If he looks the slightly eccentric Californian-educated lecturer he once was, the impression is shattered once he opens his mouth. Siegal talks like a hard-nosed Wall Street financier: of exchange rates and money markets, interest and inflation.

Like the animals he once studied, Mr. Siegal thrives by filling a unique niche. As technical expert for WWF – Worldwide Fund For Nature, he is responsible for the complex negotiations by which Madagascar’s national debt is turned to environmental use.

Under a scheme launched in 1989, WWF has been buying up Madagascan commercial debt, available at a discount on the secondary market. It then persuades the government to honour at least part of its obligations and uses the money to fund projects to protect Madagascar’s ecosystem.

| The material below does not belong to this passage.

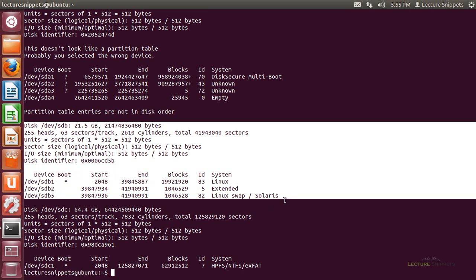Partition 5 is usually the swap partition, partition 2 is the extended partition, and partition 1 is where my whole operating system resides. You can see the information about this particular drive. It is a 20 gig hard drive, listed here as 21.5 but called a 20 gig hard drive.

It is an arrangement that benefits all concerned, including the 30 species of lemurs, eight types of baobabs, and 235 varieties of reptiles – not to mention the frogs – that make up the island’s uniquely rich flora and fauna.

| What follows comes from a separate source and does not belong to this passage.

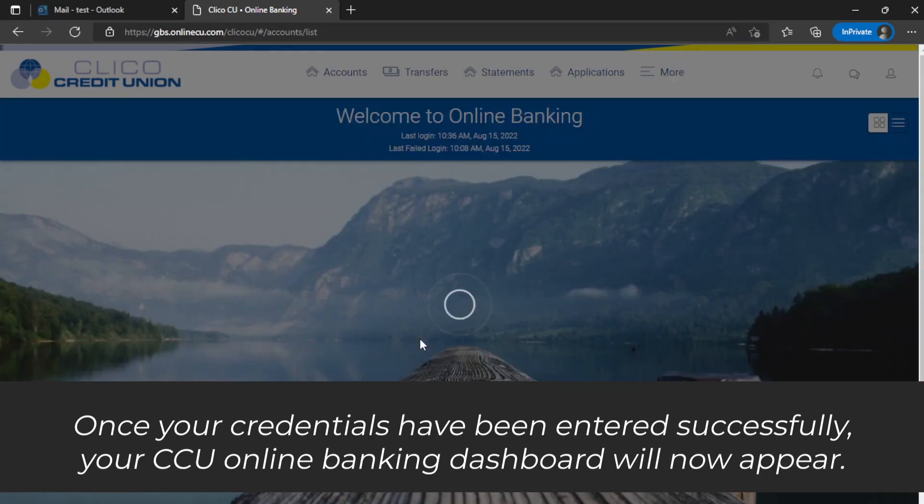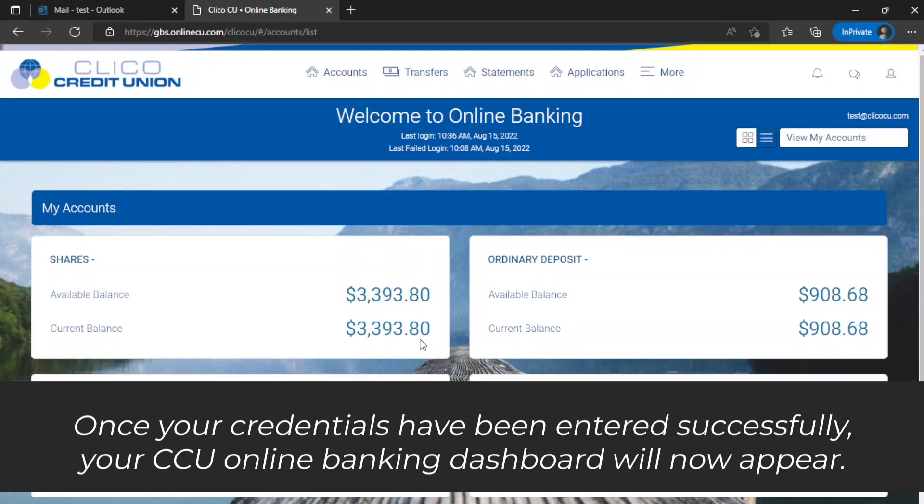Once your credentials have been entered successfully, your CCU Online Banking Dashboard will now appear.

The commercial banks are keen to off-load debts the crisis-hit government stopped servicing years ago. Madagascar, whose credit rating has at times fallen as low as F-triple minus, claws back some international credibility and gets to pay off a foreign debt in local currency. And WWF gets more money than it paid out to spend on a project.

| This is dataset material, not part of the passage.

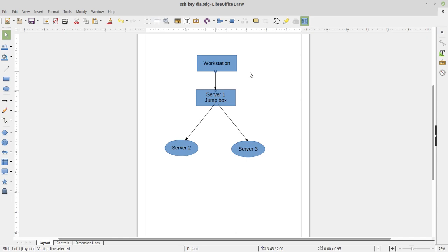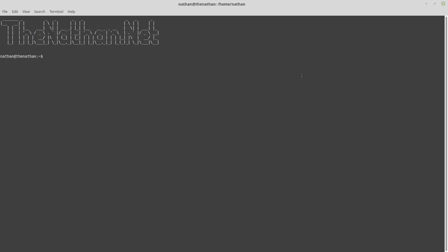The first thing I want to talk about is what files we'll need. With SSH keys you have a public and a private key, and there is also an authorized_keys file. The workstation will have a public/private key pair, and the public key will be placed in the authorized_keys file on Server 1. Server 1 will have its own unique public/private key pair, with its public key placed in Server 2 and Server 3's authorized_keys files. Multiple public keys can be added to authorized_keys if needed.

“The banks get rid of a bad debt, the government gets investments in its own country and we get more than our initial outlay. You take a negative, and turn it into a positive. It seems like a free lunch,” says Mr. Siegal.

Over the last five years, Mr. Siegal has bought nearly US$5m in Madagascan commercial debt for slightly more than US$2.3m. The discount would have been greater if it were not for the relative scarcity of Malagasy commercial debt, a tiny fraction of the country’s US$5bn external debt.

“No one knows for sure, but rumour has it there is just US$50m-US$80m in commercial debt for Madagascar out there and at least half is supposed to be owned by a bank that doesn’t want to sell,” says Mr. Siegal. Hence the 50 per cent discount at which the debt trades surprisingly high for an African country with such a disastrous economic record.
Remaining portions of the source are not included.